Really liked this, i'm going to reread it later.
Awesome article :)
Im dipping my toes into data science for the first time since i took my intro class, but never could find a project that was interesting to do + scoped to my capabilities.
Ive created a programming music playlist and have set up the spotify api to get the track info.
Now the only part left is the data science analysis, so excited to tackle that today.
Playlist for anyone whos interested in Classical/Video Game music :
Hopefully the data is all in the same genre.
I knew Spotify has an API. I didn't know it could do "Tell me about the song", but considering the "Year in Music" stuff, I suppose I should.

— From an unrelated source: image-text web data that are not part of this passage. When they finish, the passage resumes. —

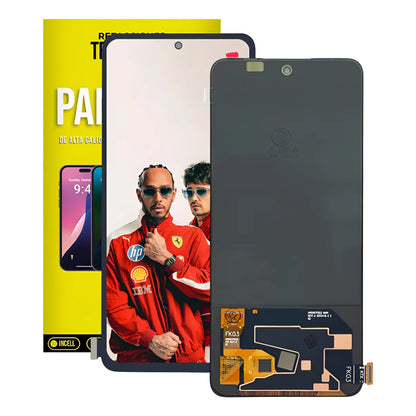 Pantalla OLED compatible con Oppo Reno 12F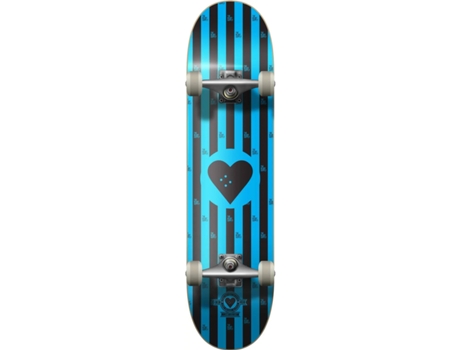 Skate HEART SUPPLY Round Logo Avec Roues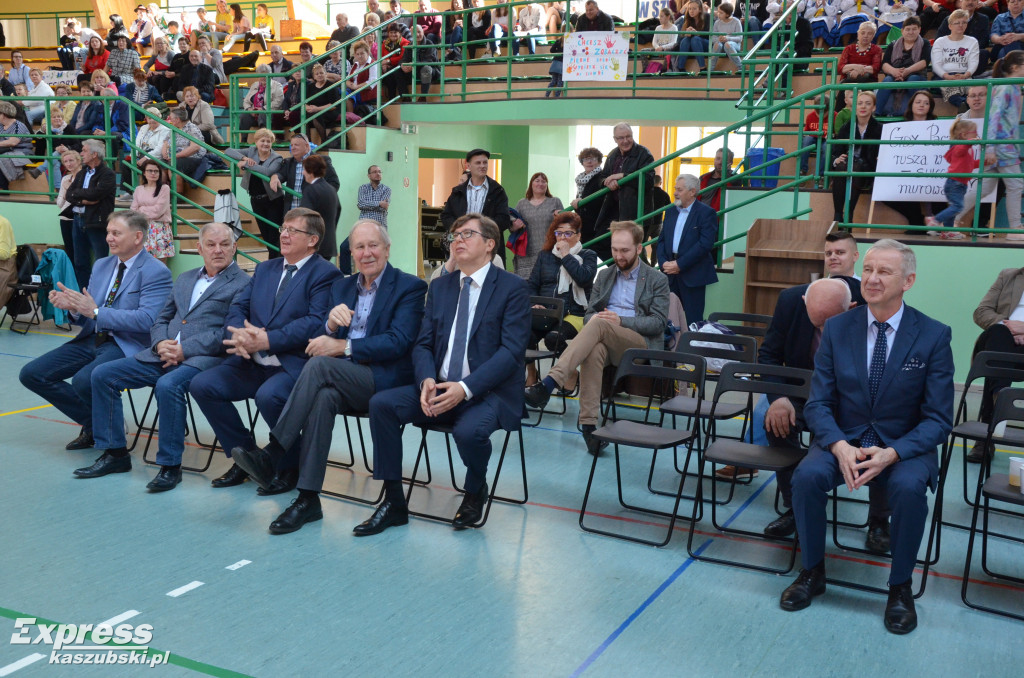 Powiatowy Turniej KGW w Przodkowie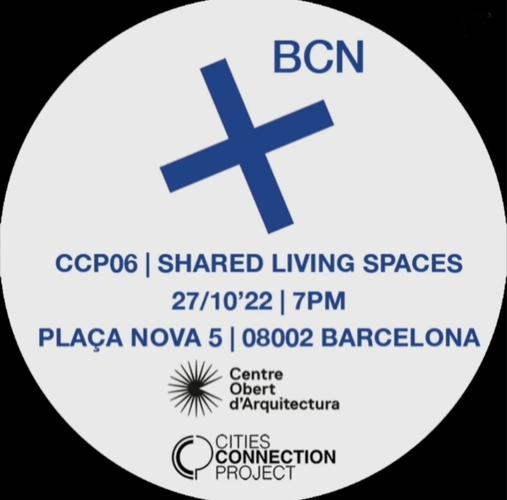 CCP#6: Shared living spaces in Barcelona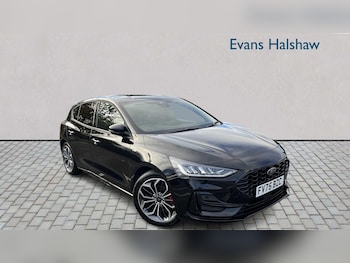 Ford Focus feature image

I have Last.FM data going back almost a decade (I could've used the API, for which I have a key, but instead I used this web-based tool), and I could see adding "100 Most-Played Tracks in 2011" and the like, and tracking how often I played my favorites, but really, the "This is what a Fave Song looks like; give me more" is much more interesting.
I will have to dive into the APIs and your code.
But where is the fun in that? :)
dude, this post was awesome!
nice to know the detailed API Spotify has
Awesome idea ! Looks fun :)
This is absolutely wonderful Eric! Thanks for sharing.
And how are you gonna get anything similar with a YouTube search?
@walker , I think you'll really enjoy reading this one.